Dose-escalated abarelix in androgen-independent prostate cancer: a phase I study.
Author(s): Beer TM, Ryan C, Bhat G, Garnick M, the Abarelix Study Group
Affiliation(s): Division of Hematology & Medical Oncology and OHSU Cancer Institute, Oregon Health & Science University, Portland, Oregon 97239, USA. email@example.com
Publication date & source: 2006-10, Anticancer Drugs., 17(9):1075-9.

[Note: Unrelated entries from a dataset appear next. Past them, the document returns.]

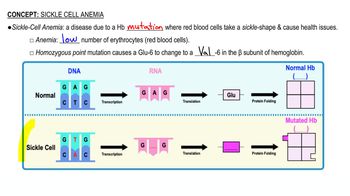 Sickle Cell Anemia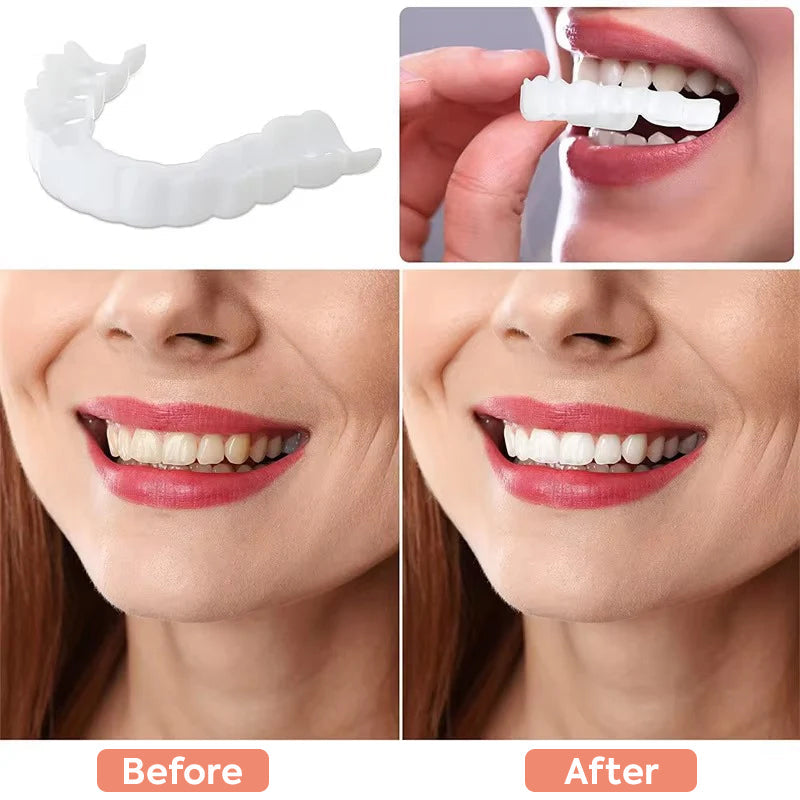 Snap-on Teeth Perfect Smile Cosmetic Teeth Veneers Fake Teeth Top and Bottom for Men and Women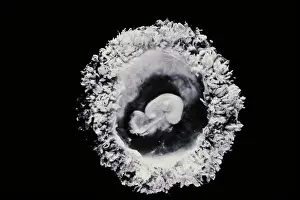 2000 Prints: Human embryo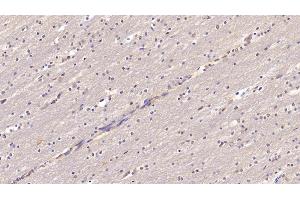 Detection of CHEM in Human Cerebrum Tissue using Monoclonal Antibody to Chemerin (CHEM) (CHEM (AA 33-158) Antikörper)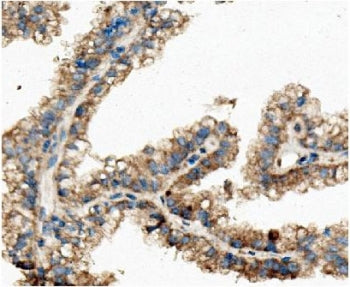 Ch-TOG Antibody / CKAP5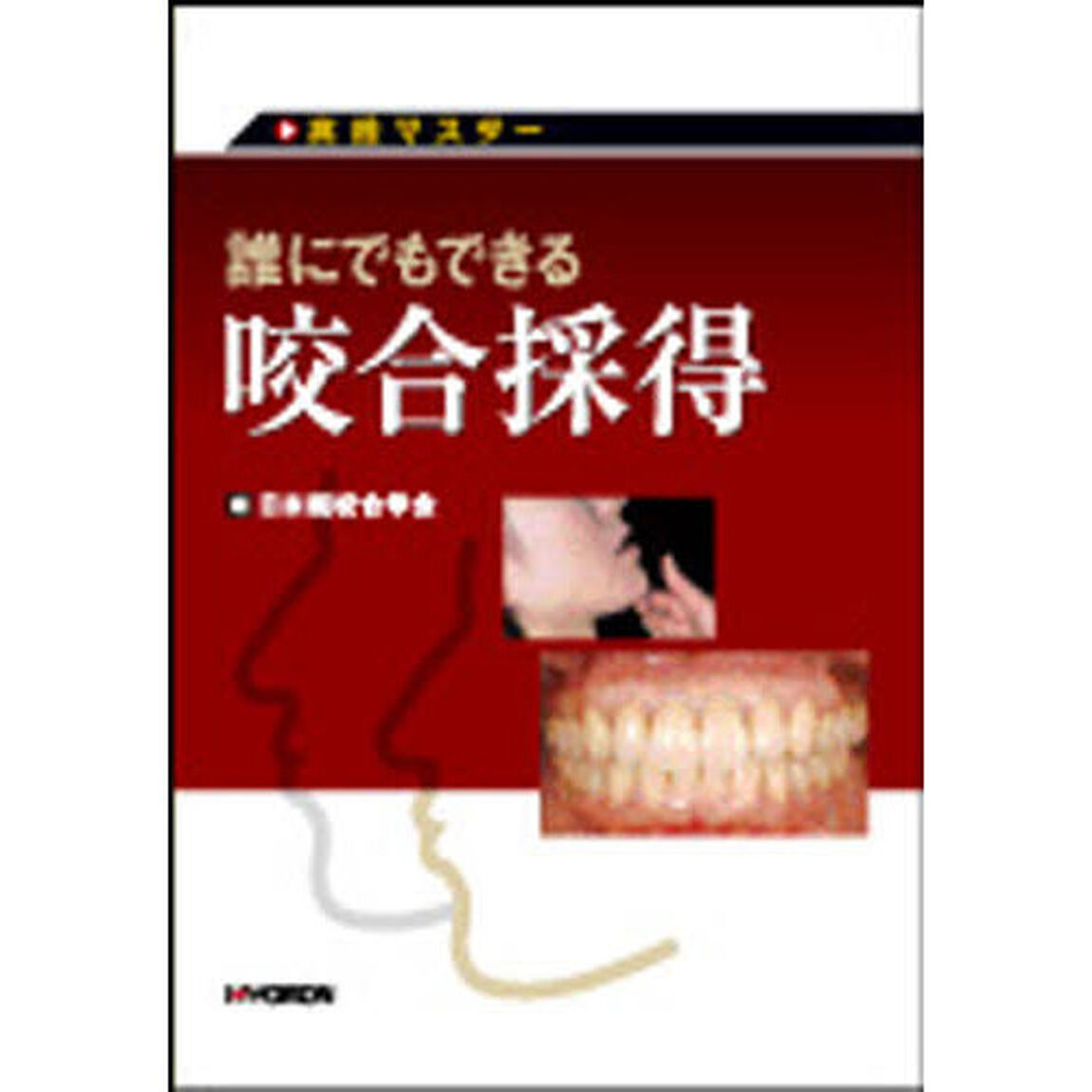 誰にでもできる　咬合採得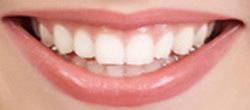 Статья. Что портит зубы, от чего портятся зубы, разрушаются зубы, здоровые зубы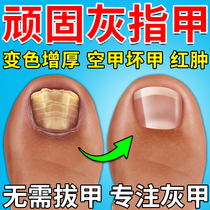 灰指甲一滴净手脚指甲真菌感染药水变厚变硬增厚去坏甲软化剂日本
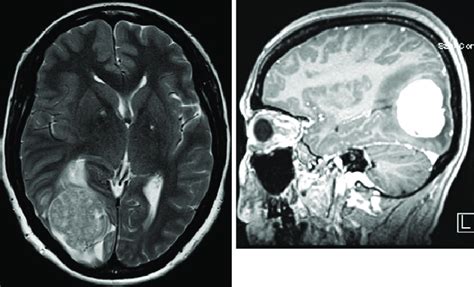 Preoperative Axial Precontrast T Weighted Left And Axial T Weighted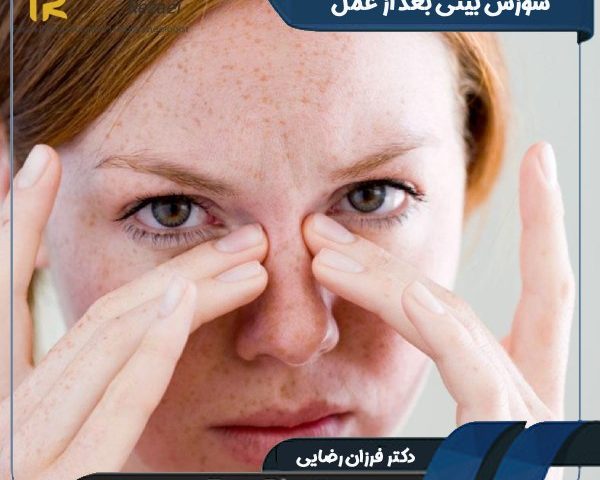 سوزش بینی بعد از عمل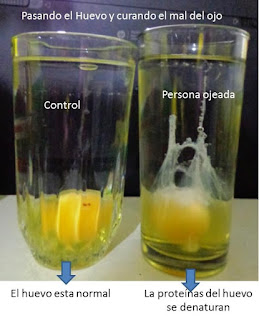 El precio endoscópico lifting las personas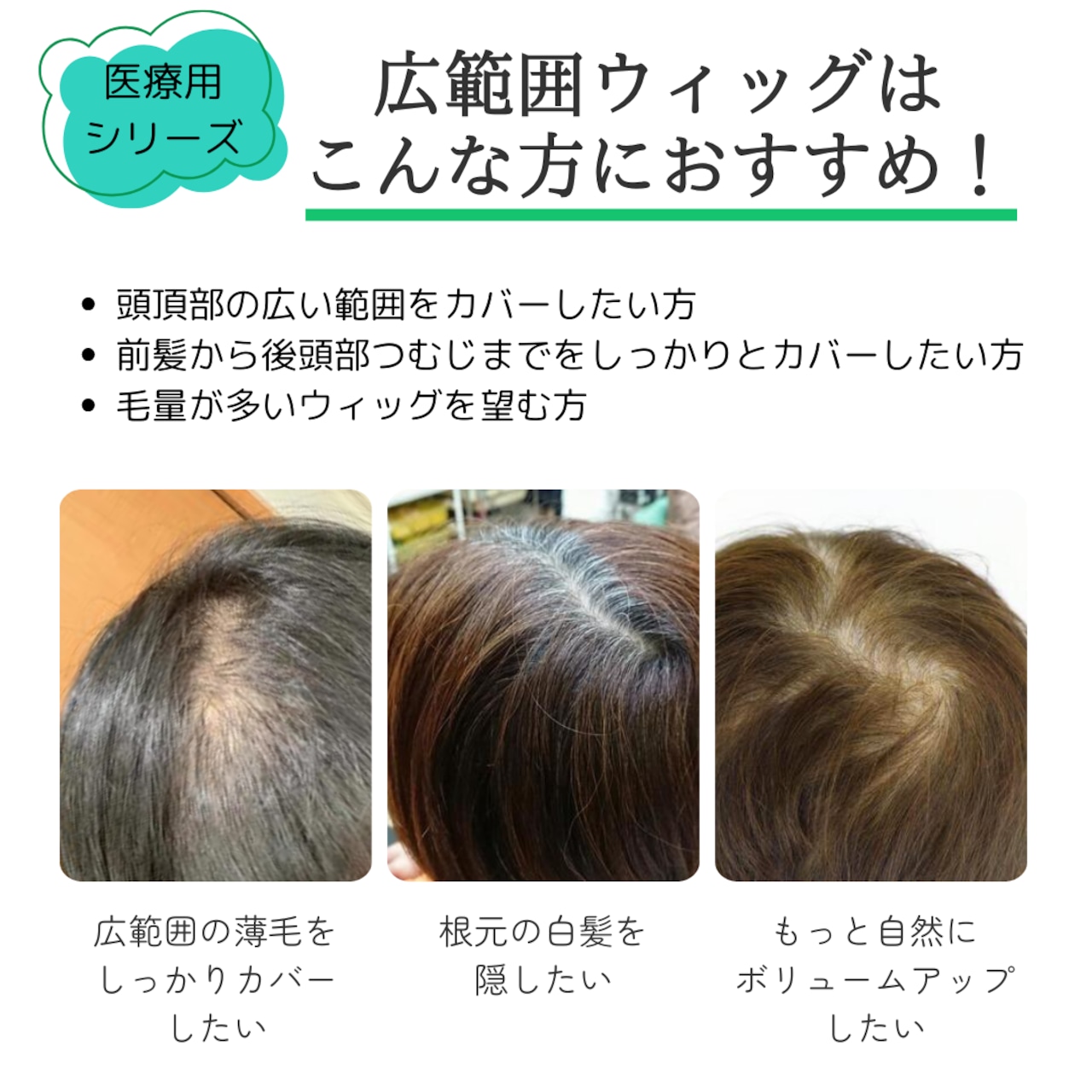 【試着・返品OK】人毛100% 広範囲カバーウィッグ ミディアムヘア トップピース 自然に見える 薄毛・白髪しっかりカバー【12×16cm】|ボリュームアップ - 7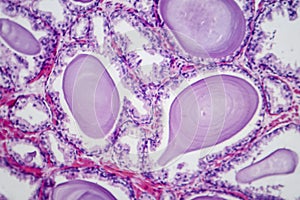 Benign prostatic hyperplasia, light micrograph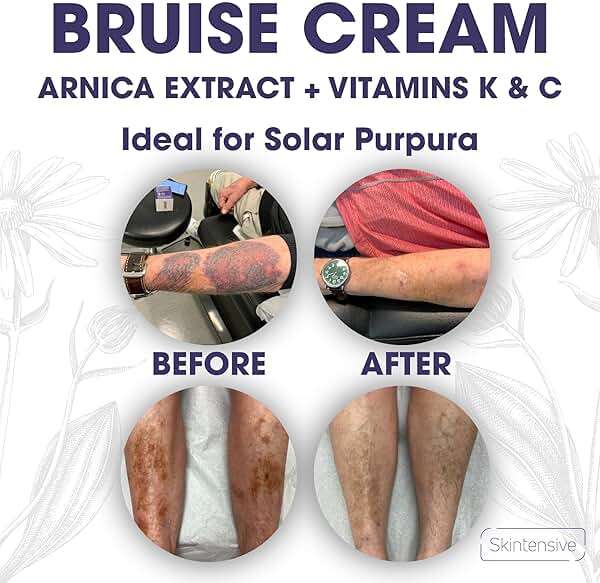 SKINTENSIVE Arnica Bruise Cream for Thin Skin – Vitamin K Cream for Bruises & Skin Discoloration, Moisturizing Arnica Cream for Seniors, Non-Greasy Formula, 4 Oz - Image 5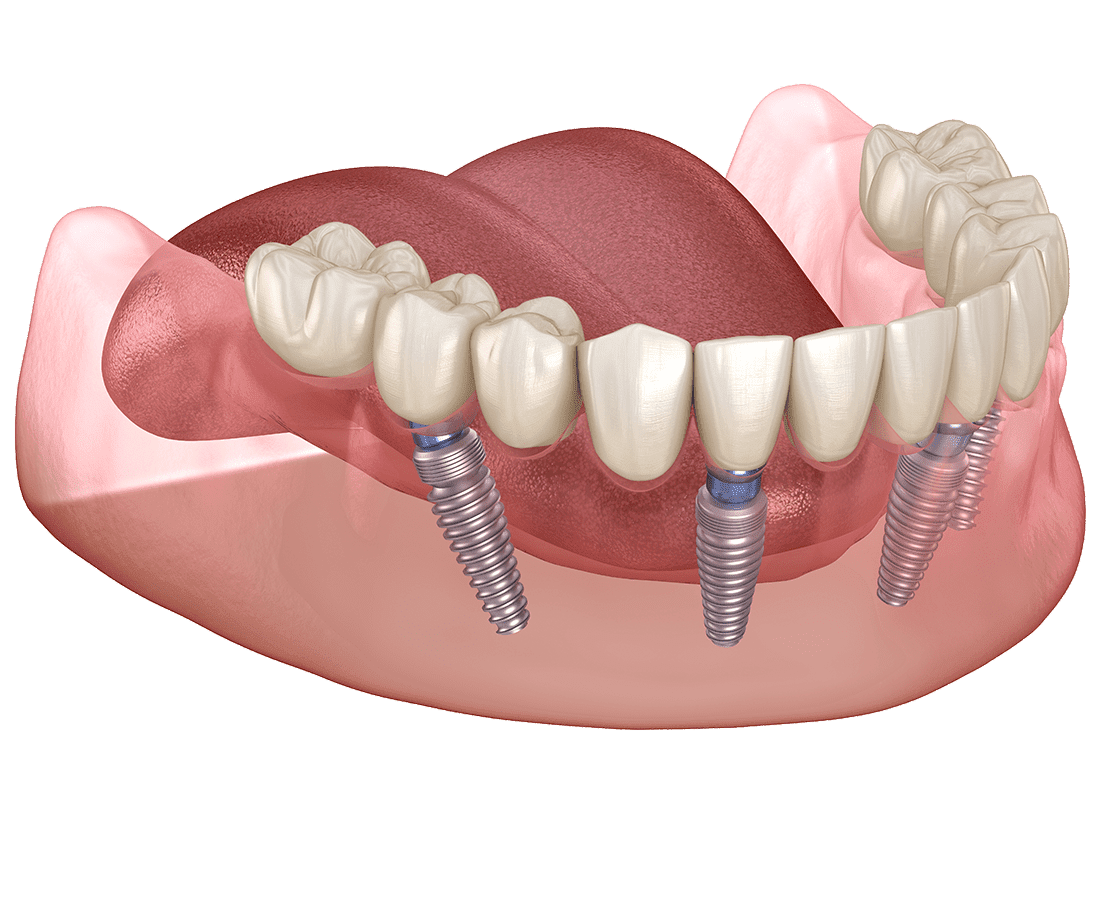 3D illustration of a lower jaw with four dental implants supporting a row of artificial teeth, showing the gum tissue and the positioning of the implants with a visible tongue in the background.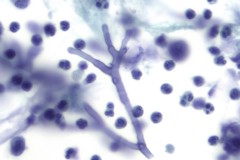 Aspergillus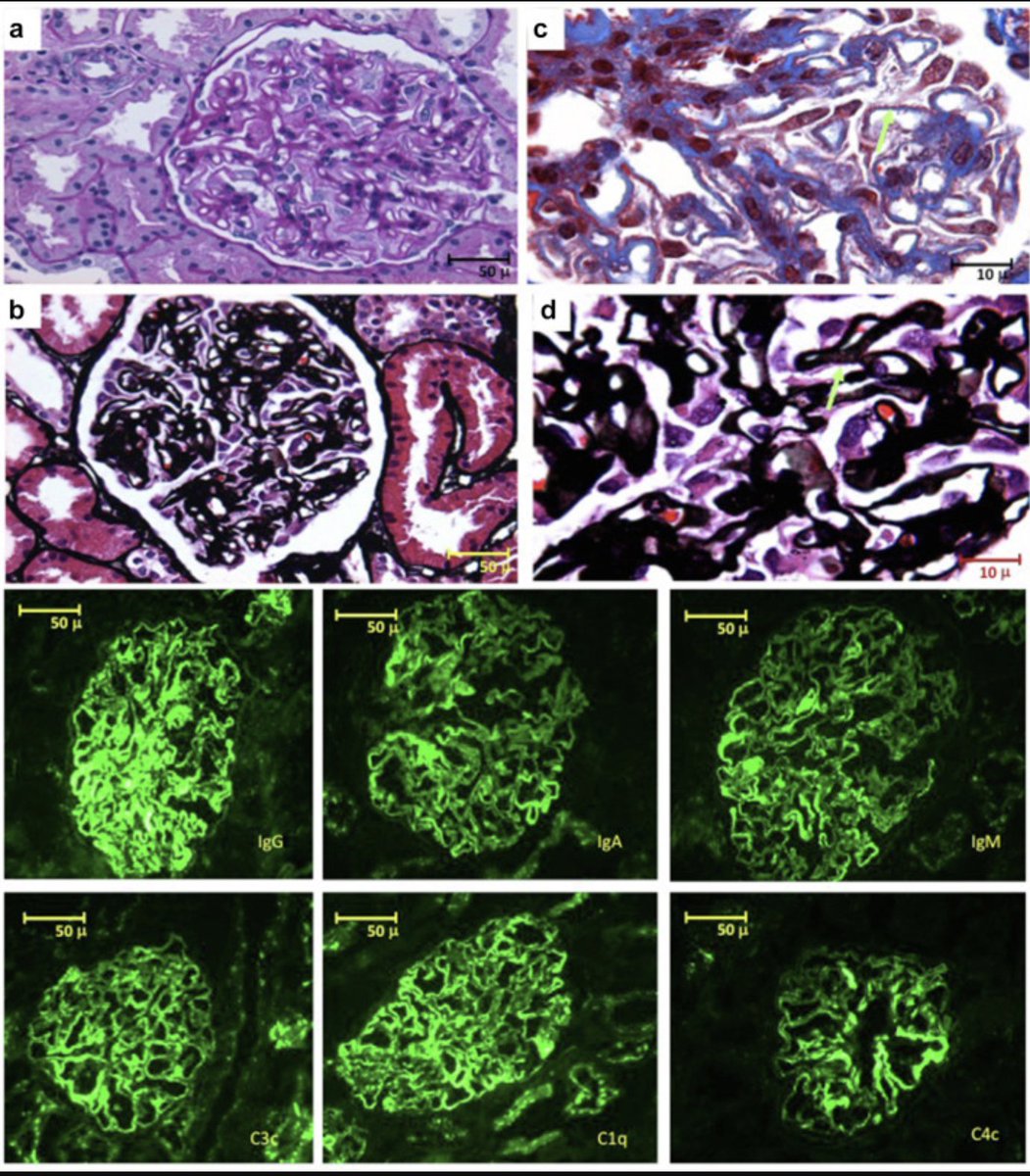 KIReports's tweet photo. Kidney-Limited Full-House Lupus-like Membranous Nephropathy and Membranoproliferative Glomerulonephritis in Pregnancy

https://t.co/UrAzvQHV2W

#Lupus #KIRNephrologyRounds https://t.co/ecwWDceZEE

Publication type: Clinical Trial, Phase I; Research Support, Non-U.S. Gov't
Follicle-stimulating hormone has been shown to be a mitogen in preclinical models of androgen-independent prostate cancer and abarelix has been previously shown to significantly reduce follicle-stimulating hormone levels in patients when administered monthly. Consequently, we evaluated the safety of more frequent (biweekly) dosing of abarelix and characterized the effect of this dosing schedule on serum follicle-stimulating hormone levels in men with prostate cancer that is progressing despite luteinizing hormone-releasing hormone agonist therapy. Twenty-one patients with prostate cancer progressing on gonadotropin-releasing hormone agonist therapy discontinued the gonadotropin-releasing hormone agonist and received abarelix-depot 100 mg by intramuscular injection every 2 weeks for up to 12 weeks. Safety profile and effect on serum follicle-stimulating hormone were the primary end-points, while prostate-specific antigen response was a secondary end-point. Abarelix therapy was generally well tolerated. One patient experienced an acute immediate allergic reaction. The mean follicle-stimulating hormone serum concentration declined from 3.5 mIU/ml (95% confidence interval: 2.7-4.3) to 2.0 mIU/ml (95% confidence interval: 1.3-2.6) on day 57 and to 2.0 mIU/ml (95% confidence interval: 0.9-3.0) on day 85 (P=0.008 in a Kruskal-Wallis test), but no patient's follicle-stimulating hormone has reached the lower limit of quantitation (below 0.15 mIU/ml). No patient met criteria for prostate-specific antigen response. At the end of 12 weeks of therapy, three (14.3%) patients had no change in prostate-specific antigen levels on days 57 and 85 compared with baseline. Twelve patients (57%) had stable disease throughout treatment defined as percent change from baseline within -50 to 50% at a given time-point confirmed by a second measurement at least 4 weeks later. Treatment with biweekly abarelix in patients with androgen-independent prostate cancer is feasible with no unexpected toxicity, but fails to completely suppress serum follicle-stimulating hormone levels or produce prostate-specific antigen responses.